Отца звали Сергеем – так же, как его отца. Так же, как и меня[2]. Отец был высоким худым красавцем, безупречно воспитанным и необычайно эрудированным, талантливым поэтом и превосходным танцором. А ещё он был капитаном команды в популярной ленинградской телевикторине «Турнир СК», и его нередко узнавали на улице. Легко понять, почему мама им увлеклась. Сложнее понять бабушку, которая тоже находила отца неотразимым. Её подруги любили шутить, что она разрешила Серёже-большому жениться на своей дочери лишь потому, что для неё самой он был слишком молод. Однако ни красота, ни обаяние отца не спасли молодую ячейку советского общества. Трения между родителями возникли ещё до моего рождения, серьёзно обострились после, а когда мне не было ещё и двух, они развелись.

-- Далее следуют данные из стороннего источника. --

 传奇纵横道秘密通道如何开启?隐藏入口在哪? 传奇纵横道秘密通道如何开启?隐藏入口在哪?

Регистрация нового гражданина Союза Советских Социалистических Республик. С бабушкой, мамой и папой. 1971 год
Примерно к этому же времени относится моё самое первое воспоминание – зловещая увертюра детства. Я лежу в кроватке, рядом со мной огромный зелёный пластмассовый крокодил. Бабушка только что сообщила мне, что крокодил проглотил мою соску. Я в ужасе и не знаю, как пережить неожиданную утрату своей самой любимой на свете вещи. Бабушкин нетривиальный метод отлучения от пустышки впервые привёл меня к осознанию факта, что мир вокруг жесток и враждебен.
После развода родителей бабушка приняла два принципиальных решения. Первое: с этого момента я буду принадлежать ей и только ей. Второе: коммунальная квартира «недостаточно гигиенична для маленького Серёженьки», поэтому надо переезжать в отдельную.

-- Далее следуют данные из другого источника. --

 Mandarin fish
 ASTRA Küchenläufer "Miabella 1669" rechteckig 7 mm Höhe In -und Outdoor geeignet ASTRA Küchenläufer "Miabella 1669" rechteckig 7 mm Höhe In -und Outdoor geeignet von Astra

Не являясь собственниками, люди не могли продавать и покупать недвижимость, а только обменивать. Обрести друг друга советским людям, желающим переехать, помогала газета с логичным названием «Обмен», в которой размещались объявления с описанием параметров квартир «на рынке». Особого упоминания заслуживало наличие или отсутствие горячей воды и ванны. (В то время часто в домах не было ни ванны, ни душа, а люди ходили мыться в общественную баню.) Первые и последние этажи считались неликвидом – по причине упрощённого залезания в них грабителей и более вероятных протечек. Когда намечался явно неравноценный обмен, то одна из сторон могла осторожно попросить у другой доплаты, но это было незаконно.
В результате долгих поисков бабушка наконец остановила свой выбор на варианте: обмен наших двух смежных комнат в коммуналке в центре, рядом с метро «Технологический институт», на однокомнатную квартиру в хрущёвке на последнем этаже в Старом Петергофе, примерно в тридцати километрах от Ленинграда.